Constantin Braun feierte sein Saisondebüt im Trikot der Eisbären. Foto: imago/Nordphoto
p

3:1 in Iserlohn Eisbären Berlin verteidigen Platz eins

0 Kommentare

Die Eisbären taten sich schwer gegen Iserlohn. Am Ende traf dann auch Constantin Braun, der am Freitag sein Saisondebüt feierte.

Manche Geschichten, die sich im Sport ereignen, klingen fast zu schön, um wahr zu sein. Eine davon ereignete sich am Freitagabend. Nach seiner monatelangen Pause wegen einer Depressionserkrankung kam Constantin Braun zu seinem Saisondebüt bei den Eisbären Berlin - und dann erzielte er gleich das letztlich entscheidende Tor zum 3:1 (0:1, 0:0, 3:0)-Sieg gegen die Iserlohn Roosters. Damit hatte er großen Anteil daran, dass die Berliner die Tabellenführung in der Deutschen Eishockey-Liga (DEL) verteidigten.

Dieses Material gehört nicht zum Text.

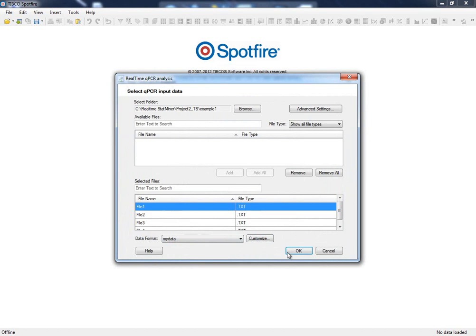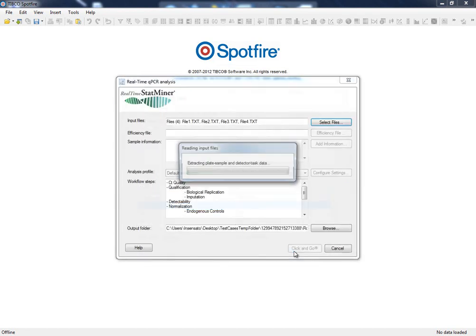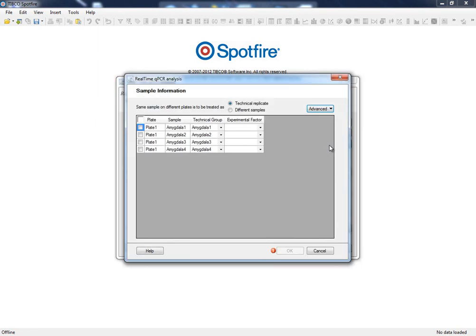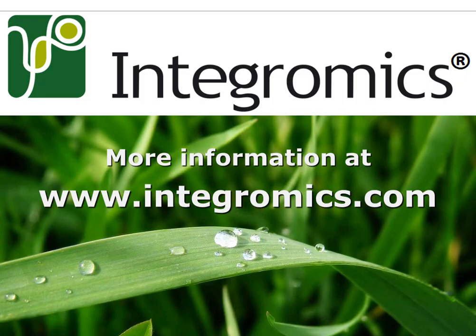We recommend that you continue your training by watching subsequent tutorials on how to define experimental design prior to configuring your settings for click and go analysis in TIBCO Spotfire.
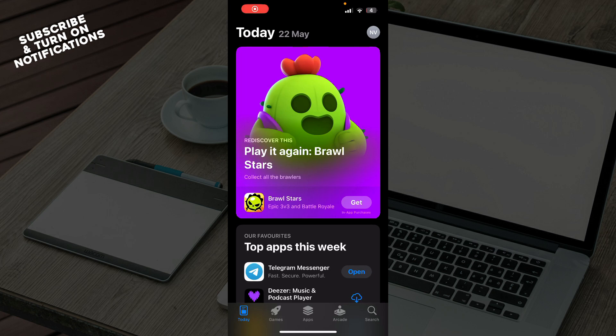Hello guys and welcome back to the channel. Today I'll be showing you how to download and install the Grab application. The first thing you need to do is go and enter your application store of choice.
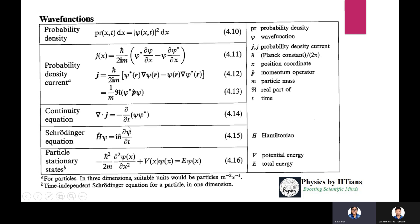The continuity equation: del dot J equals minus del-rho/del-t, or equivalently minus del/del-t of (psi psi-star), where rho equals psi psi-star is the probability density. The Schrödinger equation: H-hat psi equals i h-bar del-psi/del-t, where H-hat is the Hamiltonian.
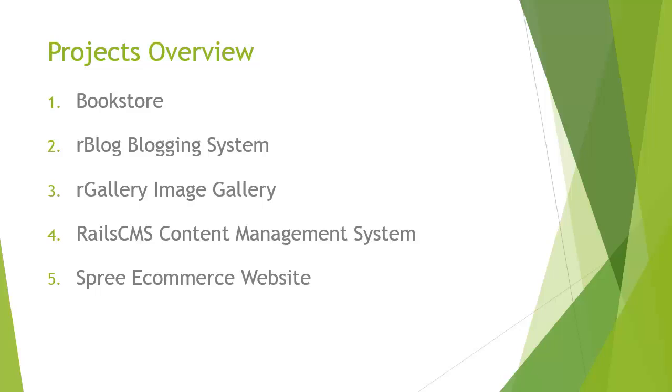Chapter four will be a content management system, and we'll be using active admin, which is a really great gem for Rails, where it'll provide us with an admin interface to create, read, update, and delete resources.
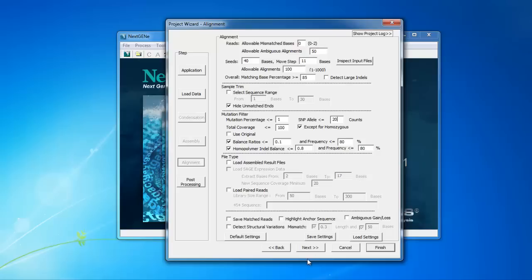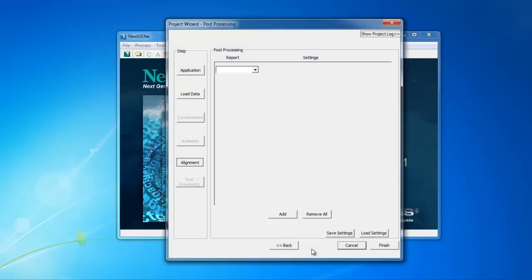Once you've selected your settings, you can click Finish here to begin processing the data or optionally click Next to use the post processing step.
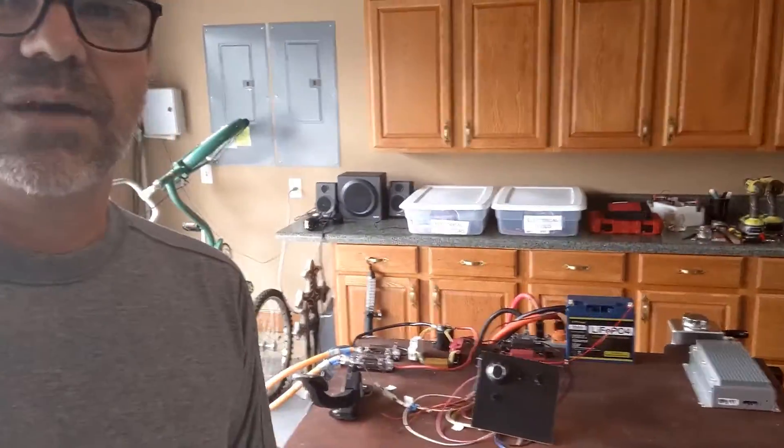Hi everyone, this is Mike from EVSwap. Today we're going to talk about the pre-charged circuit for a high voltage system, like for this Tesla drive you see back here.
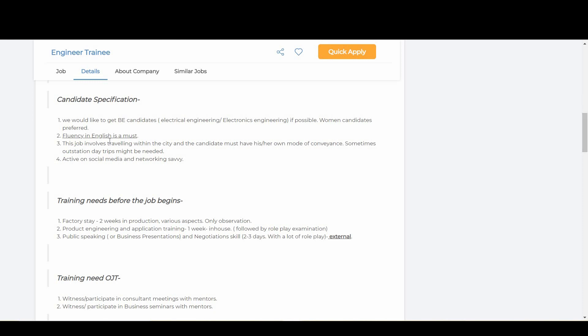Candidates should have good fluency in English. This job involves traveling within the city and the candidate must have their own mode of conveyance. They are clearly saying you should have a two-wheeler or four-wheeler. Sometimes outstation day trips might be needed. The fourth point is active on social media and networking savvy.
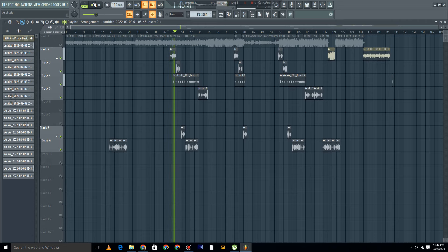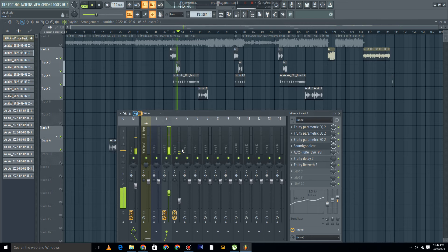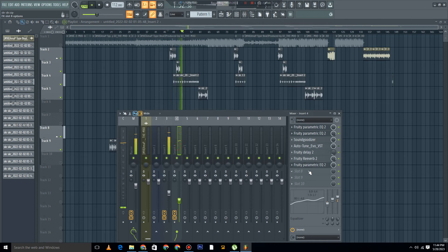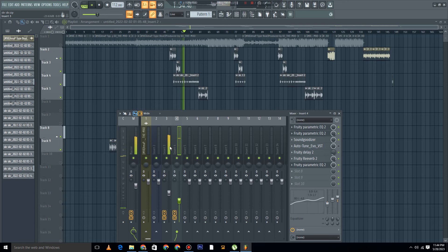[Audio demonstration playing with music and vocals]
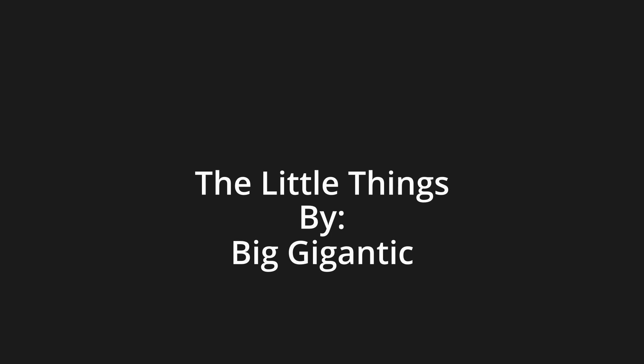Still mine, 'cause I can't feel it, 'cause I can't feel it. It's a little thing, still mine.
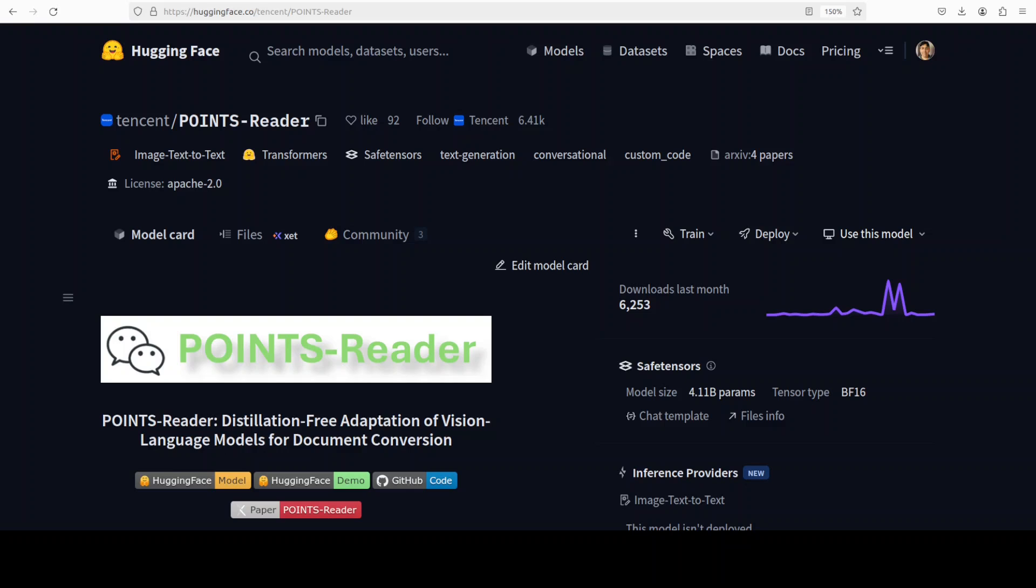That is why I am quite excited to share this Points Reader model from Tencent, which brings a unique feature or a fresh blow of air to this OCR arena powered by AI. It's a new generation VLM or vision language model designed specifically for end-to-end document conversion, and we're going to install it in this video and test it out.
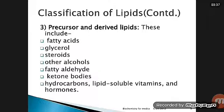Precursor and derived lipids also include other alcohols, fatty aldehydes, ketone bodies, hydrocarbons, lipid-soluble vitamins, and hormones.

Die 4753 Zuschauer in der Eissporthalle am Seilersee bekamen schon in den Anfangssekunden beste Unterhaltung geboten: Erst scheiterte Christopher Fischer am Berliner Keeper Marvin Cüpper, dann vergab Daniel Fischbuch aus kurzer Distanz eine Riesenchance für die Eisbären. Besser machte es der Iserlohner Blaine Down nach vier Minuten: Nach einem Sololauf schob er Cüpper den Puck durch die Schoner.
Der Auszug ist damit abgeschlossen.